It helps that Barkley showed up to training camp on time despite not being able to reach a long-term deal with the Giants earlier in the summer. He’s playing on a one-year adjusted franchise tag that could be worth up to $11 million.
Barkley was intent on focusing on work, not the contract throughout the summer and season.
“For me all that’s in the past, like I said. Once I made that mindset to come here you have to be mature about it. No hard feelings about it,” Barkley said. “So now, my back is against the wall again. I have to go out there and prove it. I’m going to go out there and play my heart out, compete at a high level, do what I do best, not just for myself but for my teammates.”
In order to take his game to the next level, Barkley told ESPN he dropped five or six pounds this offseason in part because of his desire to be more effective and dynamic in the passing game. He played last season at close to 232 pounds, but has been at 226 or 227 pounds this summer.
“[I] feel like it’s better for just my health also,” Barkley said. “Just the wear and tear on your body being lighter helps. Focused a lot on my speed and my mechanics with [trainer] Nick [Hill] in Arizona. So I feel that dropping weight will help me too.”
Barkley, of course, does have an injury history. He’s dealt with multiple ankle injuries and tore an ACL early in the 2020 season. Last year was the first since his rookie year that went uninterrupted by injury.
Still, Barkley participated in every practice this summer. Coach Brian Daboll considered the preseason to be his “vet days”, when Barkley dressed but did not play. Barkley did not make an appearance in any of the three preseason games.
While it did not appear that his role in the passing game changed much during practices this summer, the team does seem open to using him differently this year. Barkley tied for the team lead with 59 catches last season, but had a career-low 5.9 yards per catch
“Yeah, again, we’re always improving any of those little areas. Whether it’s a running back wanting to be a little more out in the pass game or a receiver wanting to be more involved in the run game -- all the different positions, you want to improve on each player. If they have that and we think it’s a strength that we can build on and use them, then we will,” offensive coordinator Mike Kafka said. “If we don’t, then we won’t.”

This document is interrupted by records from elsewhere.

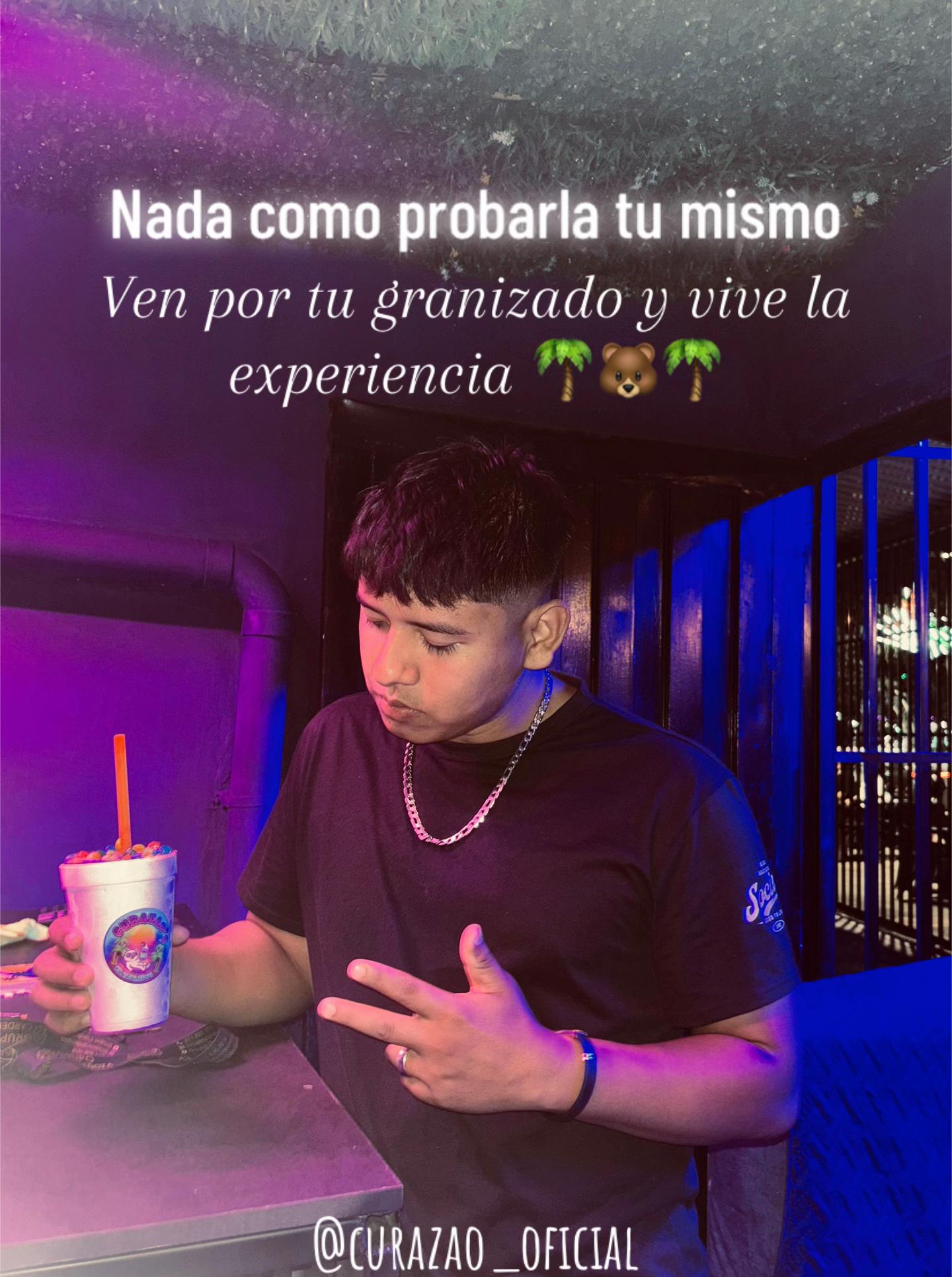 @curazao&rsquo;s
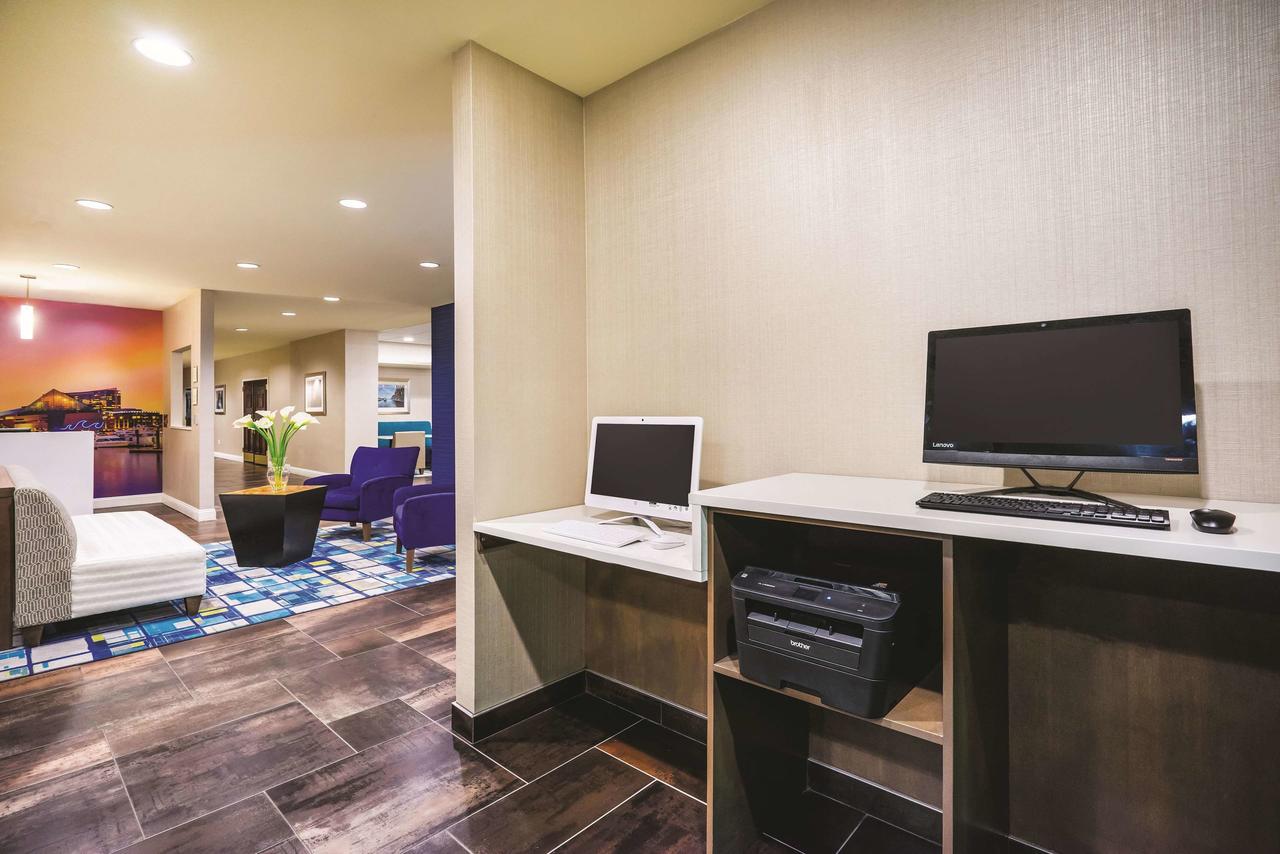 La Quinta By Wyndham Baltimore South Glen Burnie - thumb 14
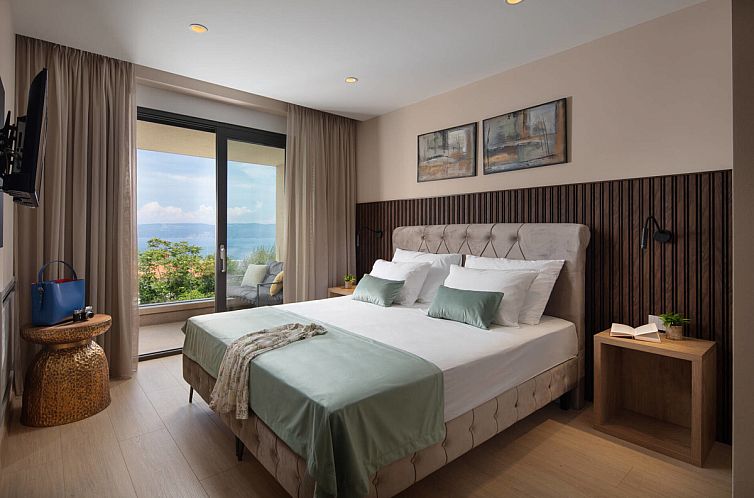 Vakantiehuis Lady Di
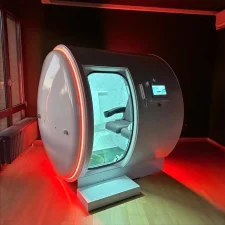 HBOT Kammer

Barkley mentioned on “Inside the NFL” this week that the game has transcended to throwing the ball more. Running backs need to evolve.
The veteran running back believes he’s in a better spot in Year 2 under Daboll and Kafka. He noted the Giants’ improved weapons, beginning with tight end Darren Waller who he said was a “monster and a beast” that will help divert attention from the backfield.
It has Barkley eager to get to Sunday night and the start of this season.
“We’re excited,” he said. “Sunday night. Prime time. In MetLife Stadium. So it’s fun.”